Monday, February 2, 2015

I Love My Job

I just want to state, for the record, that I have the best job in the world.

It seems I can’t go a week without some contact on social media sharing yet another article explaining why being an ordained minister is such a difficult job. And to be fair, there are lots of reasons pastoring a church is not for the faint-hearted. Churches are full of broken, hurting people, and it’s the clergy’s job to minister to them and to help bear their burdens -- and some of those burdens are doozies.

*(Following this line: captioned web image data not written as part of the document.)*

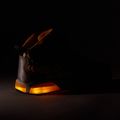 Încălțăminte pentru juniori Geox Inek black/yellow 8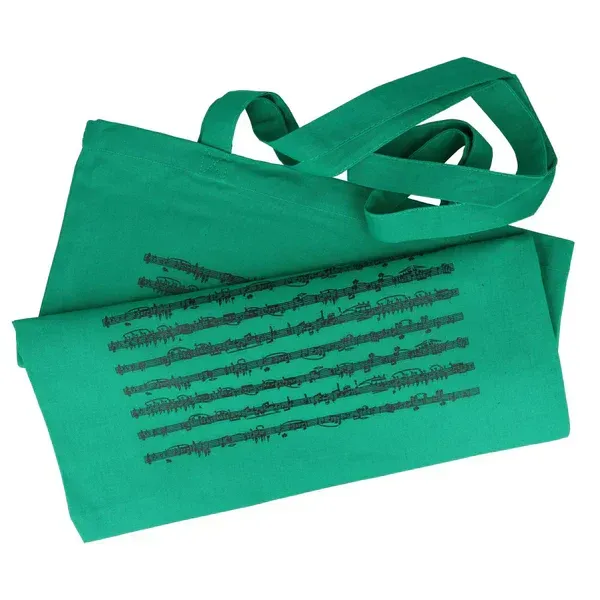 Tasche Noten Beutel grün Henkeltasche Tasche Noten Beutel grün Henkeltasche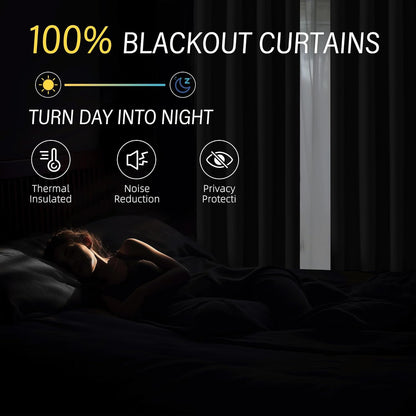 ChrisDowa 100% Blackout Mustard Yellow Solid Curtains 84 Inches Long 2 Panels for Bedroom Living Room,Farmhouse Room Darkening Thermal Insulated Soundproof Grommet Top Window Treatment Drapes,52x84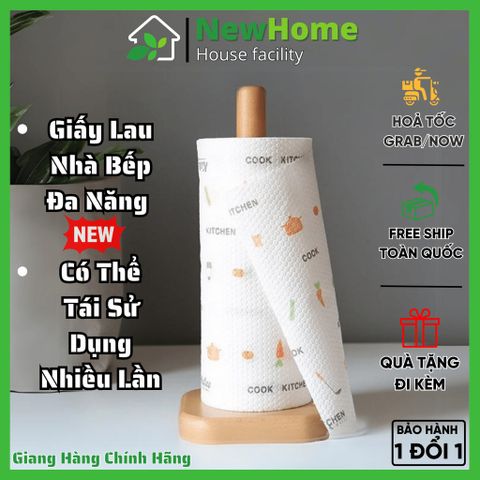 Cuộn Khăn Giấy Lau Nhà Bếp Đa Năng Có Thể Tái Sử Dụng Nhiều Lần - Tiện Dụng, Tiết Kiệm Chi Phí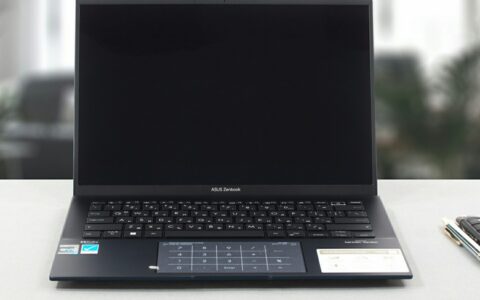 华硕 Zenbook 14 OLED (UX3402)笔记本电脑拆机：电池是真的大
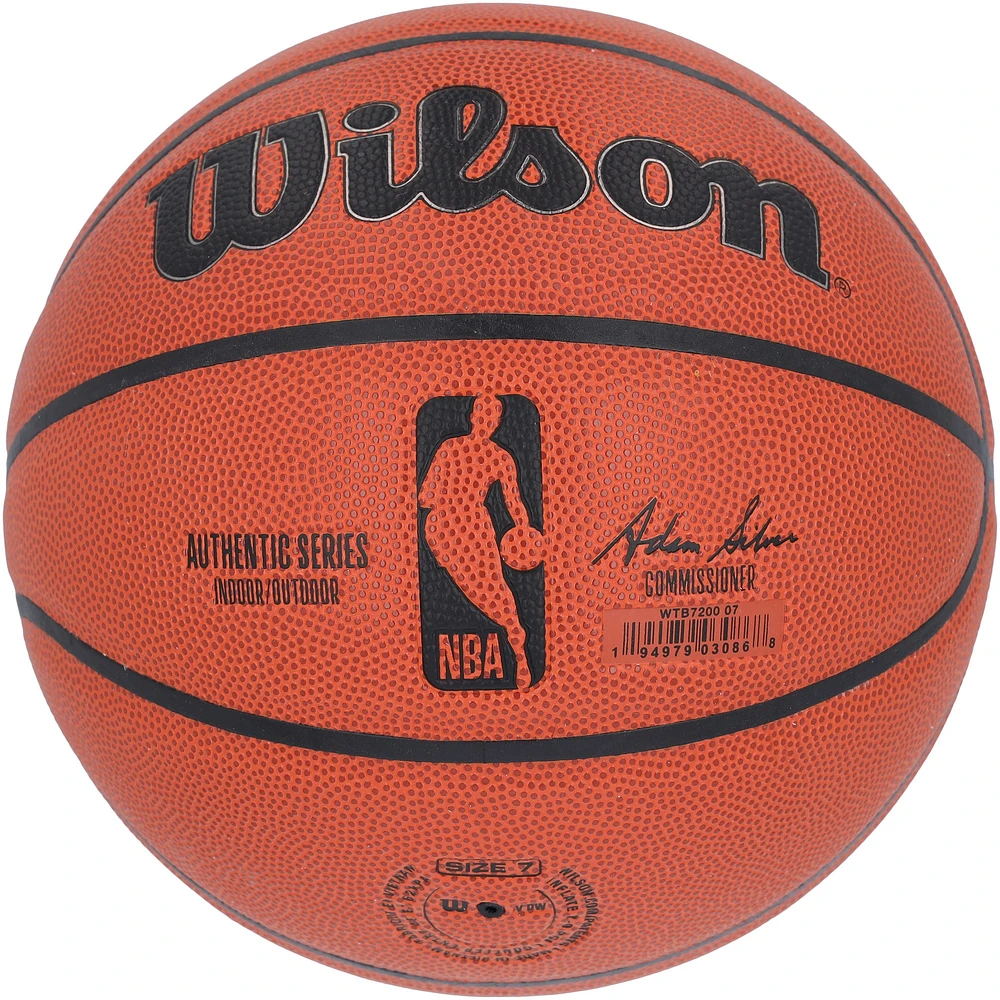 Giannis Antetokounmpo & Damian Lillard Milwaukee Bucks Autographed Wilson Authentic Series Indoor/Outdoor Basketball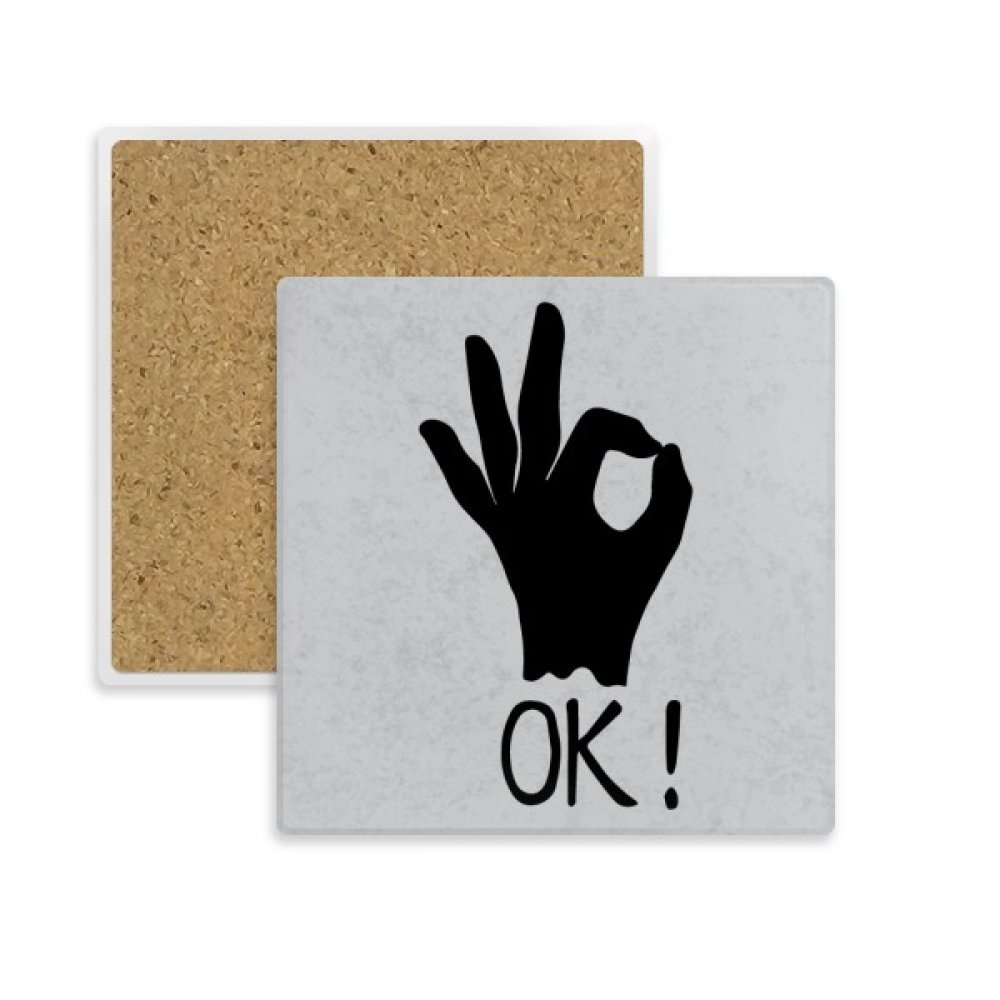 Coaster Tasse Porte Absorbent Pierre Idée Cadeau Originale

Yes, it can be very tiring. And sometimes lonely. And frustrating. Our failures tend to be very public, and our successes private. There’s constant exposure to the harshest realities of life, and the job refuses to stay within tidy boundaries.

All of this is true. But it’s true for a lot of people in a lot of fields. I don’t suppose my job is really that much harder than that of teachers, nurses, doctors, police officers and social workers, who deal with many of the same challenges, often with less respect. And my job doesn’t include many of the less pleasant aspects of theirs -- I am hardly ever expected to clean up vomit, for example.

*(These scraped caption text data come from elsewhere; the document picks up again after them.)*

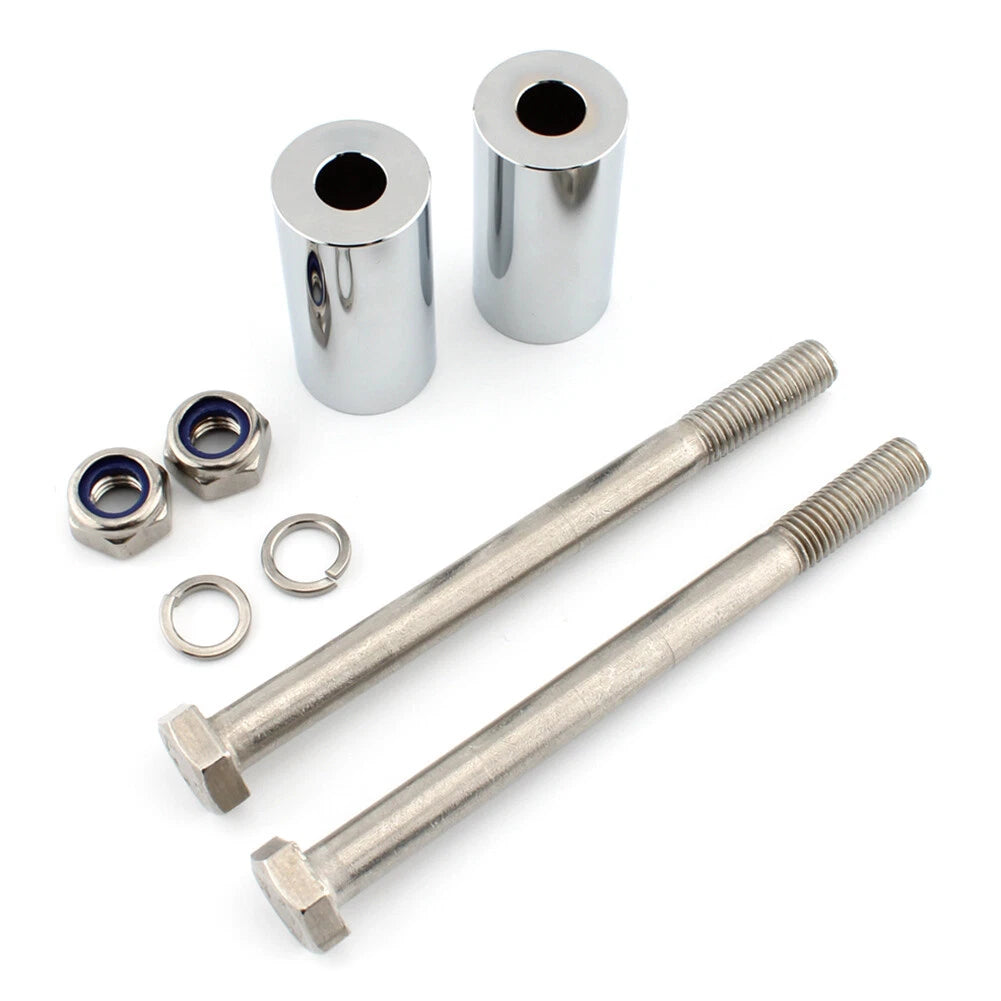 2" Chrome Handlebar Risers for Kawasaki Vulcan 800 900 1500 1600 2000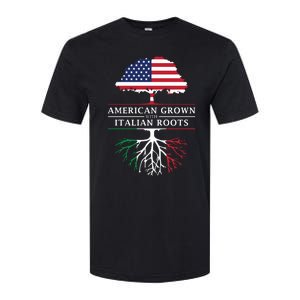 American Grown With Italian Roots Italy Softstyle CVC T-Shirt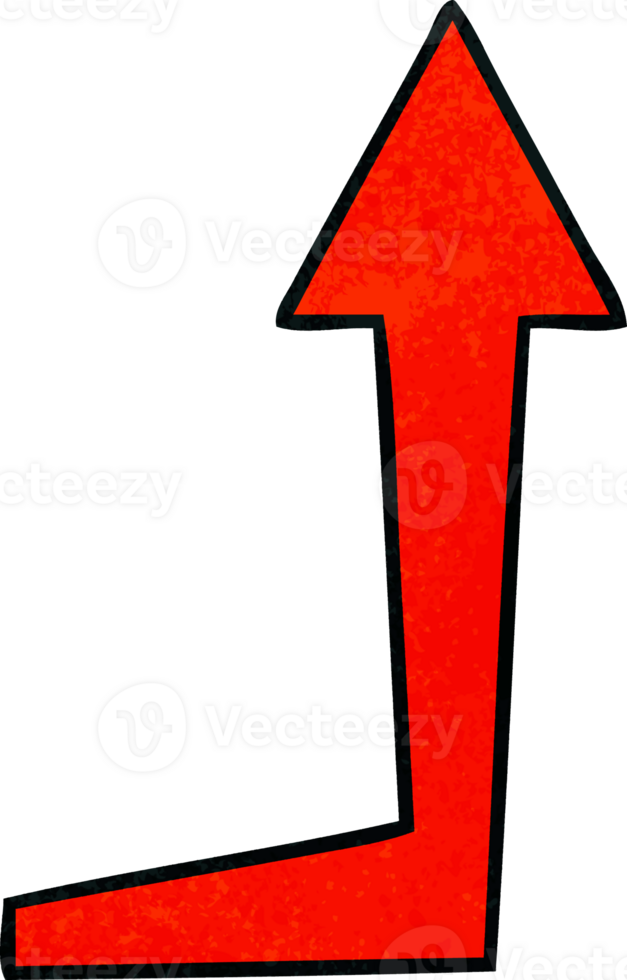 hand drawn quirky cartoon arrow png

Yes, sometimes I have to deal with someone who’s angry about a change I’ve made or something I’ve said. I have to deal with people who make it personal, and who may threaten my job if I don’t give them what they want. But sitting in the pews are retail clerks and waitresses who have had to bear the brunt of a customer’s wrath over something that wasn’t their fault -- and who probably got stiffed on a commission or a tip to boot.

Yes, I’ve been out until 2 a.m. after spending hours in the emergency room with a desperately ill parishioner, and driven home exhausted. But the guy who does tech support for the multinational firm was up just as late trying to solve a critical customer problem, and he’ll probably end up doing it again tomorrow night.

Yes, I am sometimes the only person in the world entrusted with hurting, broken people’s deepest griefs and greatest burdens. And yes, I worry about them, and I carry those burdens alone, because to share them would be to violate the precious trust they’ve placed in me. But the psychologist, the addiction counselor, and the social worker in the congregation know just as many secrets and are just as much alone.

Yes, I am regularly called upon to sit with the dying and comfort the grieving. But I almost never do it alone. I am joined by hospice workers, doctors, nurses, and funeral home directors who are kind and compassionate and who see to the mundane details of death with grace and patience. After the funeral, I will turn my attention to planning the next week’s baptism or getting ready for a preschool celebration, while those I ministered alongside meet another grieving family and start the process all over again.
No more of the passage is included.